Set the listing down exactly; no pictures.

* Data segment:

= = = = = = =

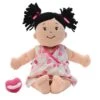 Manhattan Toy Baby Stella Peach Doll With Black Pigtails Toy -Baby Product Specialty Store manhattan toy baby stella peach doll with black pigtails toymt153000anb babyanb baby 777681
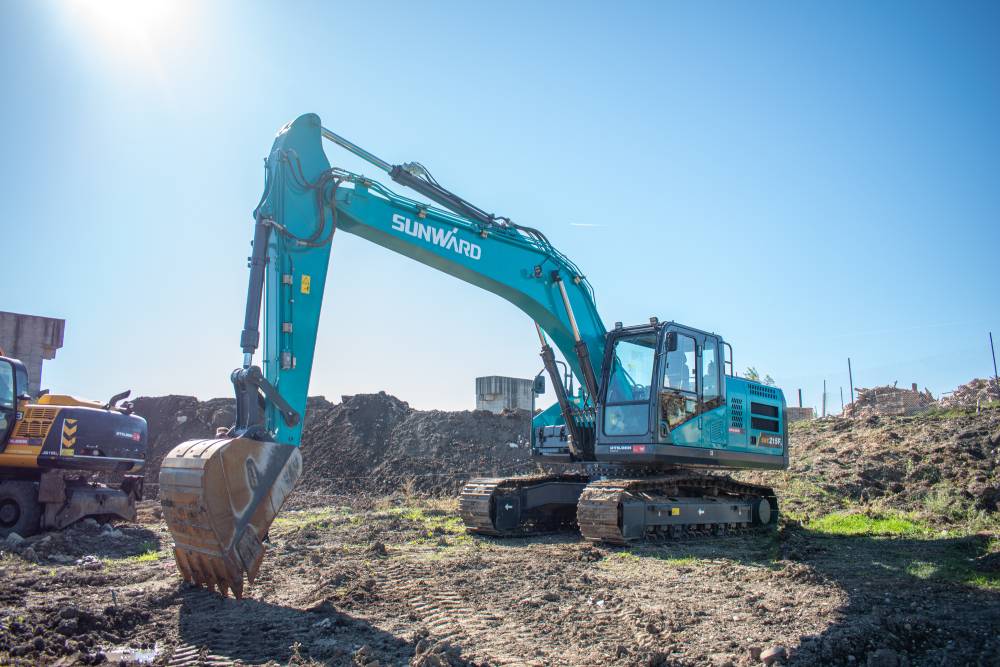 excavatoare senile
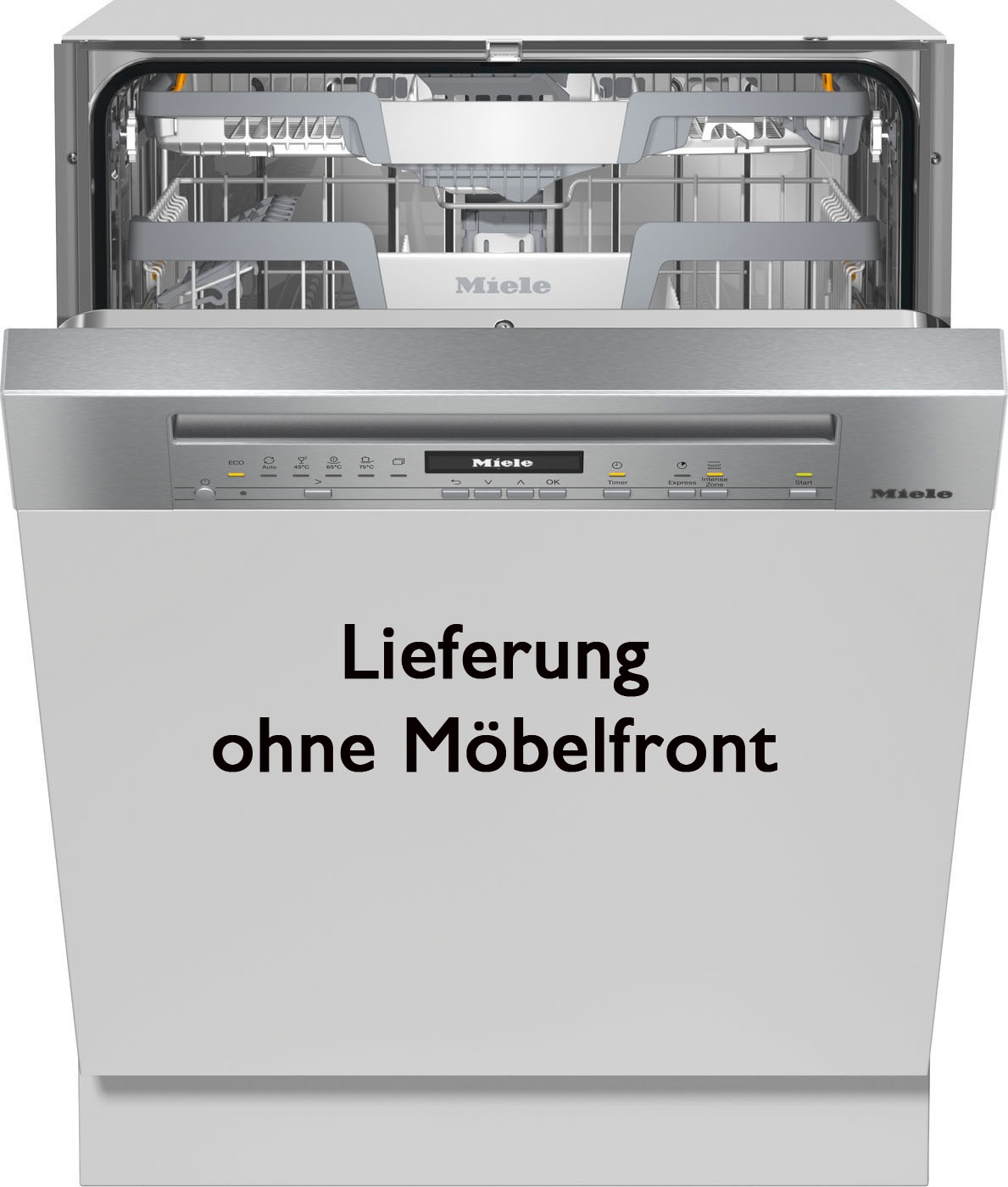 Miele teilintegrierbarer Geschirrspüler "G 7200 SCi", G 7200 SCi, 6 l, 14 Maßgedecke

= = = = = = =

* Reply to the exercise:
 Manhattan Toy Baby Stella Peach Doll With Black Pigtails Toy -Baby Product Specialty Store manhattan toy baby stella peach doll with black pigtails toymt153000anb babyanb baby 777681
 excavatoare senile
 Miele teilintegrierbarer Geschirrspüler "G 7200 SCi", G 7200 SCi, 6 l, 14 Maßgedecke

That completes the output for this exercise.